INDEPENDENCE, Ohio -- LeBron James pulled back the curtain a bit Monday on his recent flurry of tweets and Instagram posts. On one hand, he downplayed the significance of the dispatches. "It's just my mind working, that's all," James said after the Cleveland Cavaliers held shootaround in preparation for the Memphis Grizzlies. "I don't know if anything started it. Just my mind working. I got a beautiful mind and I want to use it sometimes in a social manner."



However, he was sure to relay that there's a method to his messages. It's not just haphazard raving to his combined 47 million-plus followers on the social media platforms.



"They're for the educated mind," James said. "So if you have an educated mind, they hit home for you. [Sunday] night I tweeted that consistency and structure breeds perfection, and if you take a shortcut or if you don't handle business, then you come up short. I think everybody should understand that. It's nothing between the lines, it's just life. You can't shortcut being perfect or trying to be as perfect as you can, or trying to get to a point where you just feel like you can succeed.
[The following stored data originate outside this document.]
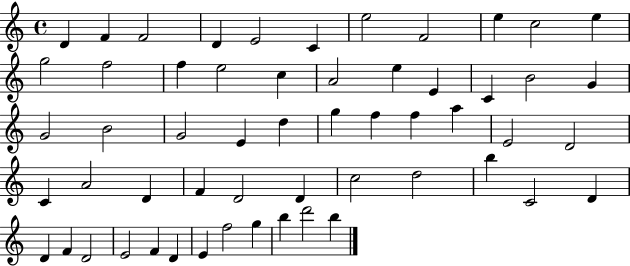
X:1
T:Untitled
M:4/4
L:1/4
K:C
D F F2 D E2 C e2 F2 e c2 e g2 f2 f e2 c A2 e E C B2 G G2 B2 G2 E d g f f a E2 D2 C A2 D F D2 D c2 d2 b C2 D D F D2 E2 F D E f2 g b d'2 b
So, for educated minds, it should be fine."



This is the tweet James was referring to:



It was preceded by this tweet earlier Sunday:



They came after James sent out several tweets last week that made some question if they were aimed at his teammates. He later said they were not directed at anyone on the Cavs; however, he offered no explanation beyond that. As if the tweets weren't enough, he also flooded his Instagram account Sunday. First, he posted a video of himself working out on the Cavs' off day.



"It's just who I am," James explained. "It's in me. I just got an obsession about my craft and about what I do and I don't know, it's just in me. I can't explain it. And like I said, I might get a little crazy about it. But I'm happy. I love it."
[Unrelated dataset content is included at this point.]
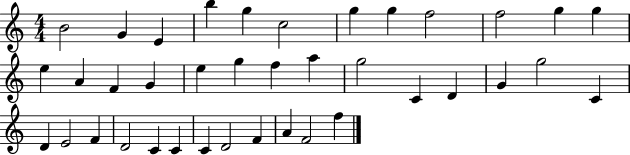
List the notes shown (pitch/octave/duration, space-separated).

B4/h G4/q E4/q B5/q G5/q C5/h G5/q G5/q F5/h F5/h G5/q G5/q E5/q A4/q F4/q G4/q E5/q G5/q F5/q A5/q G5/h C4/q D4/q G4/q G5/h C4/q D4/q E4/h F4/q D4/h C4/q C4/q C4/q D4/h F4/q A4/q F4/h F5/q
Later, he posted a Bitmoji depiction of himself dressed as Batman, with a quote from the movie "Batman Begins."



Many viewed the Batman post as the jump-the-shark moment for James' social media storm and the mocking began, with James' face on the cartoon being replaced with the crying Michael Jordan face that has been making the rounds. James was asked if he remembered another time where his tweets stirred up so much attention.



"Twitter hasn't been around that long, I'm kind of old," James said. "I don't know. I think the other question is when I stopped caring about what other people think. I can remember that, it was my second year in Miami. I just stopped, it became too much where I was worried about what other people think instead of just making the main thing the main thing, and that's just playing the game of basketball that I love and being happy about being in this situation. I'm a blessed kid from -- you guys know the story -- 40 miles south of here. I've got a beautiful family, beautiful teammates, and this game of basketball has brought me so much, so the outside noises just really don't affect me."
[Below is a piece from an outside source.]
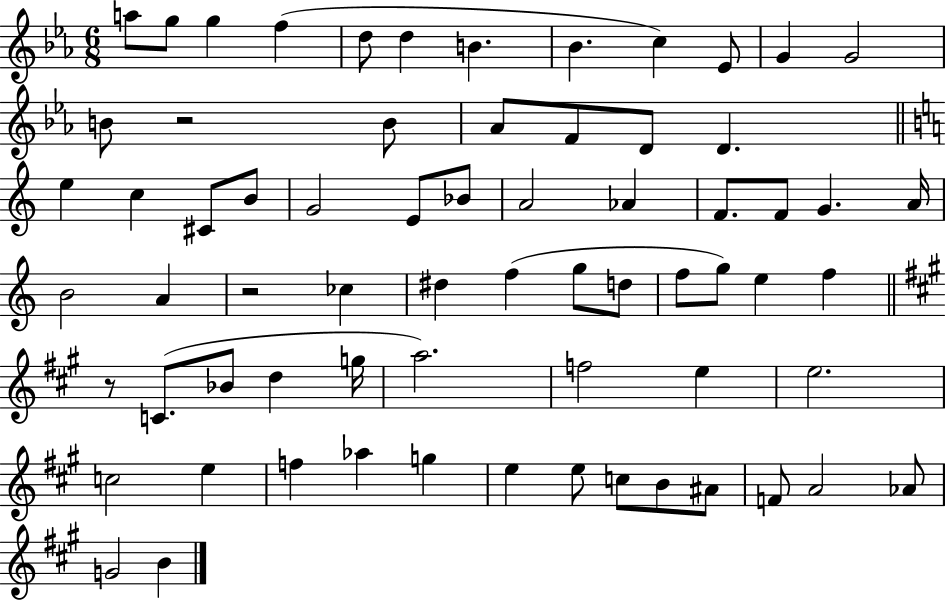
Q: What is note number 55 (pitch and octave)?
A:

One of those "beautiful teammates," Kyrie Irving, entered into James' cryptic tweet territory on Monday morning with a tweet of his own.



It's unknown whether Irving's tweet was in response to James. Irving did not speak to reporters at shootaround. However, James said that any tension his tweets might be creating within Cleveland's locker room isn't necessarily a bad thing.



"If you don't have conflict throughout the course of a season (your team is lacking), even internal or external- sometimes, it becomes external, which you don't want to happen, but sometimes it happens and that's OK," James said. "I think conflict, it builds character. It builds even more trust. You're able to get on someone, someone's able to get on you and then the whistle blows and, let's get out and let's execute what needs to be done. I've always been like that since I was a kid.



"I got four best friends that used to get on my ass about being soft at times and not playing the right way and not being aggressive. Any time I wasn't aggressive when I was younger, they called me soft and I had to respond. I just come from a different style of basketball. I played outdoor basketball when I was a kid. If you didn't win, you might not play again for the rest of the day. Like, you might not play for the whole day if you didn't win. Conflict was just a part of basketball for me and for my friends growing up."



Any backlash James receives from the Twitter tactics, he says he is OK with it.



"Some of it I listen to, I use it as motivation," James said. "It never gets to a point in my mind where it's like, I should take it serious, because it doesn't matter ... If you've ever read Theodore Roosevelt, 'the man in the arena' [from his 1910 speech, "Citizenship in a Republic"], it basically just symbolizes if you've never been in the arena before, if you never had blood, sweat and tears before, felt the roar of the arena or been in the competition, then you can't really understand."